-- AVAILABLE DATA follows --

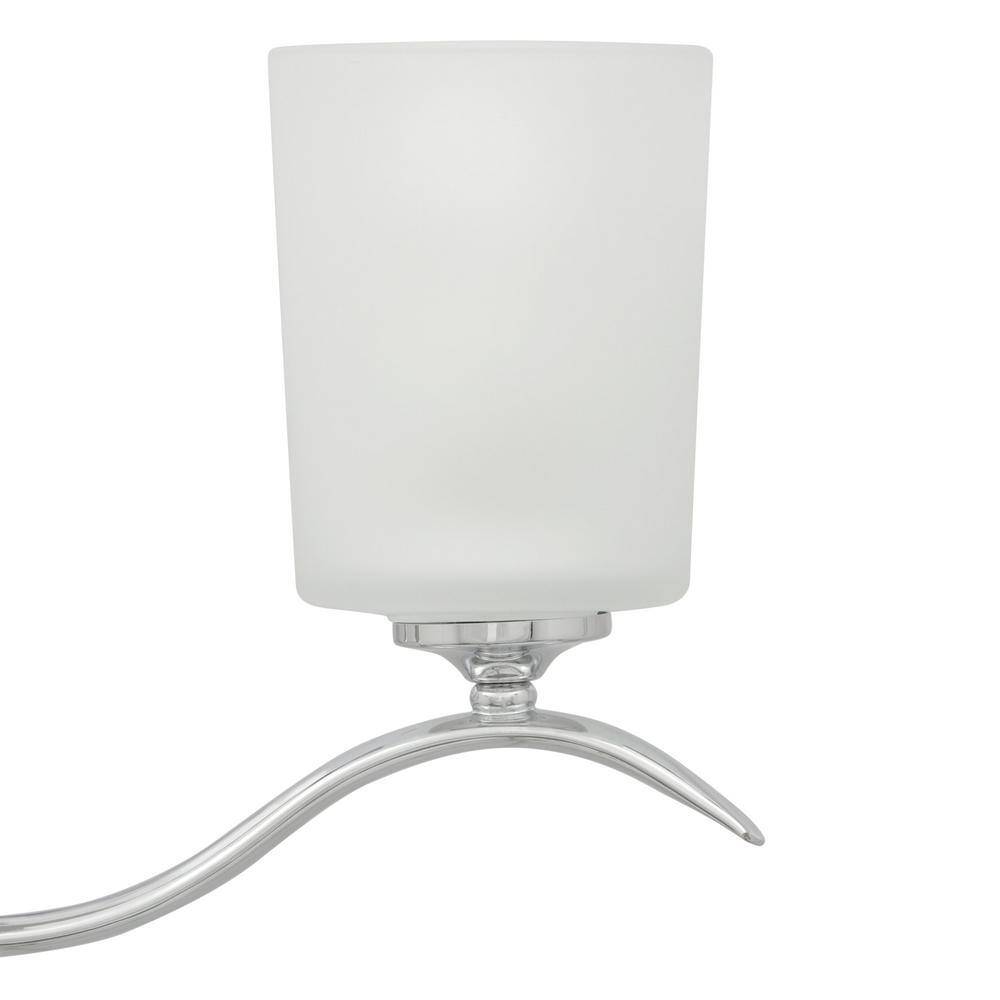 Polished Chrome 3-Light Wall Sconce with Etched Glass Shades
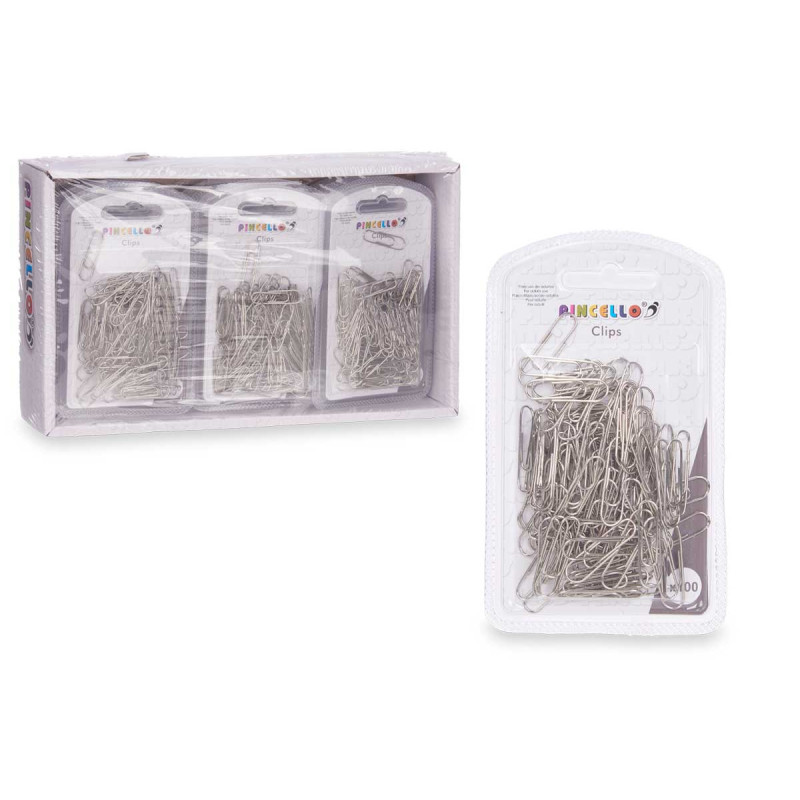 SET 100 SILVER PAPERCLIP SMALL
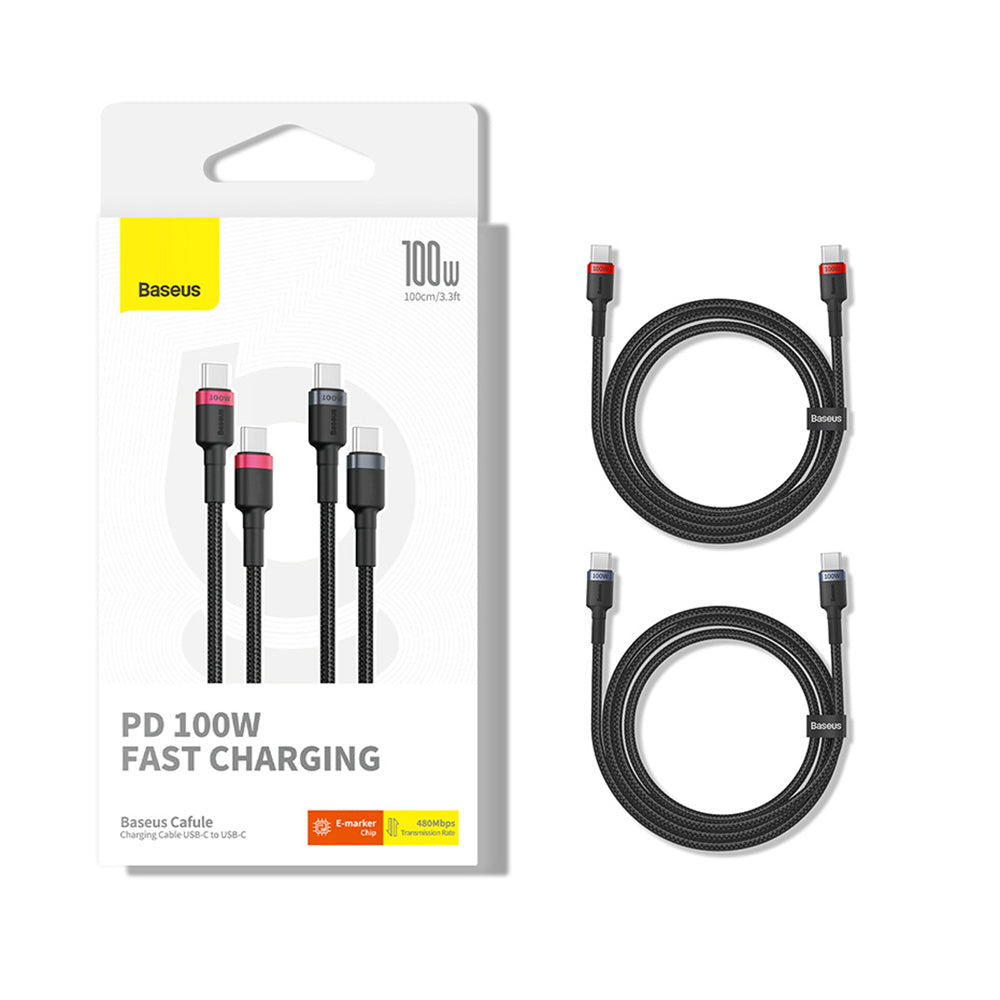 Cablu Baseus (set de 2) Cafule (P10318306003-00), Type-C to Type-C, Fast Charging, 100W, 5A, 1m, Negru /Red, Black/Grey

-- AVAILABLE DATA concluded --

PROMPT =>
Return every line above exactly, omitting images.

SOLUTION TO THIS EXERCISE =>
 Polished Chrome 3-Light Wall Sconce with Etched Glass Shades
 SET 100 SILVER PAPERCLIP SMALL
 Cablu Baseus (set de 2) Cafule (P10318306003-00), Type-C to Type-C, Fast Charging, 100W, 5A, 1m, Negru /Red, Black/Grey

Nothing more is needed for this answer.